最近は少なくなったが、いまだにオリンピック選手に失望という意見を見かける。

失望していいのは、その本人だけだ。

他人に対して勝手に期待し、期待に応えなかったから失望する。

どれだけ自分勝手なのだろうか?

自分では何の努力も苦労もせず、他人の功績に期待し、その人間が成し遂げれば さも自身も成し遂げたかの様に達成感・満足感に浸る。

期待が外れれば「得られる筈だった達成感・満足感がその人間のせいで失われた」と逆恨みし相手に失望する。


失望とは自分自身に向ける概念であって、他人を評価する概念では無い。

それはその選手の指導者や応援者も同じだ。

選手の力になりきれなかった自身の無力さに対する失望であって、選手に対する失望では無い。


例えば、部下が仕事を失敗する。

それは無理な仕事をさせた自分の失敗であり、自分の責任だ。

例えば、10m以上の高さから地面に飛び降り、怪我をする。

それは「自分自身」の責任であって、「自分の体」の責任では無い。





『他人の苦労など、どうでもいい。

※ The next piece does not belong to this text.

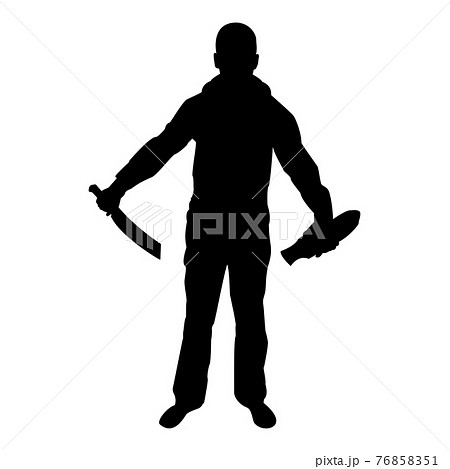 喧嘩 シルエット 男 攻撃のイラスト素材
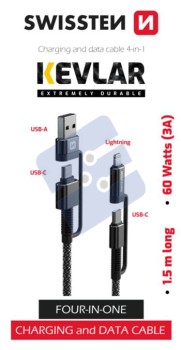 Swissten Kevlar 4-in-1 Data Cable - 74501101 - 1.5m - Grey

自分で苦労しろ』

の様な言葉は 時代や国を問わず存在するが、

努力や苦労をしていない人間程、他人の功績に便乗・寄生しようとする傾向が強い。

(オリンピック・ノーベル賞美しい国・偉大な国・優秀な民族 等々はその典型。

自分に『アイデンティティー(自身で造り上げた確固たる自己)』を持っていないが故に『他(主に自身が属している集団)』にアイデンティティーを求める(という本能が強く働く)

子供(部下・弟子・生徒)に過度な期待をしたり、祖先にアイデンティティーを求めるのも それ)

努力や苦労をしていないから、他人の努力や苦労が理解出来ず、自身より遥かに努力している人間に対して、安易に応援し励まし失望する。

努力や苦労をしていないから、達成感・満足感が自力では得られず、故に達成感・満足感を渇望し、他人の功績に寄生してまでも、まやかしの達成感・満足感を貪(むさぼ)ろうとする。